ANTIOXIDANT DEFICIT INCREASES A KEY NEUROTRANSMITTER TRANSPORTER: Deficit of antioxidant synthesis in schizophrenia leads to oxidative stress and changes in neurotransmitter transporter. Led by Kim Do, a team of researchers from Lausanne University in Switzerland investigated the role of the cell-surface transport protein xCT in schizophrenia. They found that an enzyme responsible for antioxidant production is disturbed in patients. This leads to decreased antioxidant levels and consequently to oxidative stress-i.e. the accumulation of reactive oxygen molecules, damaging the cells component and impairing cell functioning-which in turn affects the functioning of the antioxidant pathway, including xCT. xCT, which exports the neurotransmitter glutamate, is thus overproduced in schizophrenia. The resulting increase of neurotransmitter activity, alongside the increase in oxidative stress, is thought to play a major role in the pathophysiology of schizophrenia, including at early stages of the disease.

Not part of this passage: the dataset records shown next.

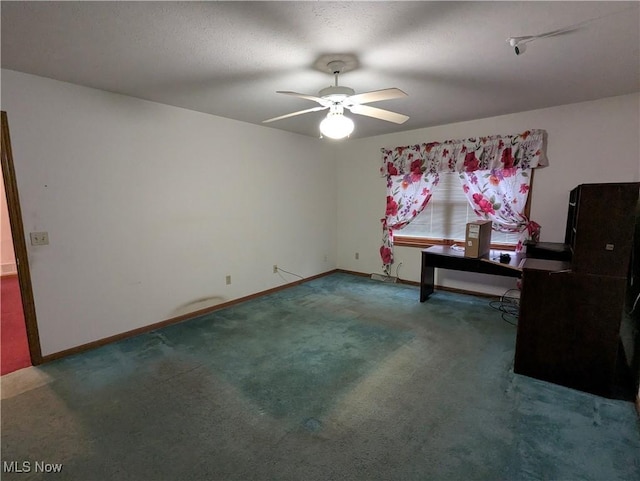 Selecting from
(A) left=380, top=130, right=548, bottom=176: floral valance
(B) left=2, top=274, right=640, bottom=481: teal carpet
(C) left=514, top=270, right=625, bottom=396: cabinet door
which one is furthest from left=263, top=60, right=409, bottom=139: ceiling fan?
(A) left=380, top=130, right=548, bottom=176: floral valance

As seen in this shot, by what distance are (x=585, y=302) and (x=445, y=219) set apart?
244 centimetres

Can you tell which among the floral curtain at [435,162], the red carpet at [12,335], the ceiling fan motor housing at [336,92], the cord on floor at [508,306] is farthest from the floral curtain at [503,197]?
the red carpet at [12,335]

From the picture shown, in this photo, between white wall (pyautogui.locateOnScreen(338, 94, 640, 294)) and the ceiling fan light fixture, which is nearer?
the ceiling fan light fixture

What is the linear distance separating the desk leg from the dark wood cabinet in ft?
5.45

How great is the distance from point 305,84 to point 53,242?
8.34ft

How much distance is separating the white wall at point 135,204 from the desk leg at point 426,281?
6.81 feet

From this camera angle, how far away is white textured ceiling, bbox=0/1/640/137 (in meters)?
1.63

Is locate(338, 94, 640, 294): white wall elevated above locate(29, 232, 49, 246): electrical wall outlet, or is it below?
above

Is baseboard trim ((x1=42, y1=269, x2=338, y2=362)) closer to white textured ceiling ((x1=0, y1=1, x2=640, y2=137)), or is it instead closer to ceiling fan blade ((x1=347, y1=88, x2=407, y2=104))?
white textured ceiling ((x1=0, y1=1, x2=640, y2=137))

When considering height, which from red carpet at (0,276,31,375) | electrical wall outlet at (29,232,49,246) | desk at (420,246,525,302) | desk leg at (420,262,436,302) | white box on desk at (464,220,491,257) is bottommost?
red carpet at (0,276,31,375)

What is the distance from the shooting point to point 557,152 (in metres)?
3.54

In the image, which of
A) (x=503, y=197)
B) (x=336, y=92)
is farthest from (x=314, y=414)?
(x=503, y=197)

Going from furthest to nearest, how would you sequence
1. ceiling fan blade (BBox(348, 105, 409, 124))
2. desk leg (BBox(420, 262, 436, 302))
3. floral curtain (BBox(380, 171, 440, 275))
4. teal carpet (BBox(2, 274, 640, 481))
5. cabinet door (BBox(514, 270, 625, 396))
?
floral curtain (BBox(380, 171, 440, 275)) → desk leg (BBox(420, 262, 436, 302)) → ceiling fan blade (BBox(348, 105, 409, 124)) → cabinet door (BBox(514, 270, 625, 396)) → teal carpet (BBox(2, 274, 640, 481))

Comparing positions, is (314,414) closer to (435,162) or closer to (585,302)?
(585,302)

xCT是胱氨酸/谷氨酸逆向转运体的特定链,广泛报道其在体内支持抗氧化防御。因此,xCT处于精神分裂症所涉及的两个过程的交叉点:氧化应激和谷氨酸能神经传递。但是,关于xCT与该疾病相关以及阐明xCT失衡上游机制的人体研究数据仍然很少。谷胱甘肽(GSH)水平低以及GSH限制合成酶基因GCLC(谷氨酸 - 半胱氨酸连接酶催化亚基)中的遗传风险均与精神分裂症有关。在本研究中,我们旨在确定氧化还原系统对xCT的调节是否参与精神分裂症的病理生理过程。我们评估了调节GCLC表达对xCT表达和活性的影响:(i)在来自已知影响GCLC调节和GSH水平的不同GCLC基因型的患者和对照的成纤维细胞中;(ii)在大鼠脑胶质细胞,即星形胶质细胞和少突胶质细胞中,通过敲低GCLC来评估。我们的结果表明,GCLC表达降低导致患者成纤维细胞以及星形胶质细胞中xCT水平上调。这些结果支持xCT失调参与疾病病理生理过程,并进一步表明其可能由氧化还原变化引起。此外,我们表明这些异常可能在精神病早期就已发生,并且在具有GCLC高风险基因型的患者亚组中更为突出。这些数据补充了现有证据,表明炎症/氧化还原系统是早期治疗精神分裂症的重要靶点。
抗氧化剂缺乏增加关键神经递质转运体:精神分裂症中抗氧化剂合成的缺乏导致氧化应激和神经递质转运体的变化。由瑞士洛桑大学的金杜(Kim Do)带领的一组研究人员调查了细胞表面转运蛋白xCT在精神分裂症中的作用。他们发现,负责抗氧化剂产生的一种酶在患者体内受到干扰。这导致抗氧化剂水平降低,进而导致氧化应激,即活性氧分子的积累,损害细胞成分并损害细胞功能,这反过来又影响抗氧化途径的功能,包括xCT。输出神经递质谷氨酸的xCT在精神分裂症中因此过度产生。由此导致的神经递质活性增加,以及氧化应激的增加,被认为在精神分裂症的病理生理过程中起主要作用,包括在疾病的早期阶段。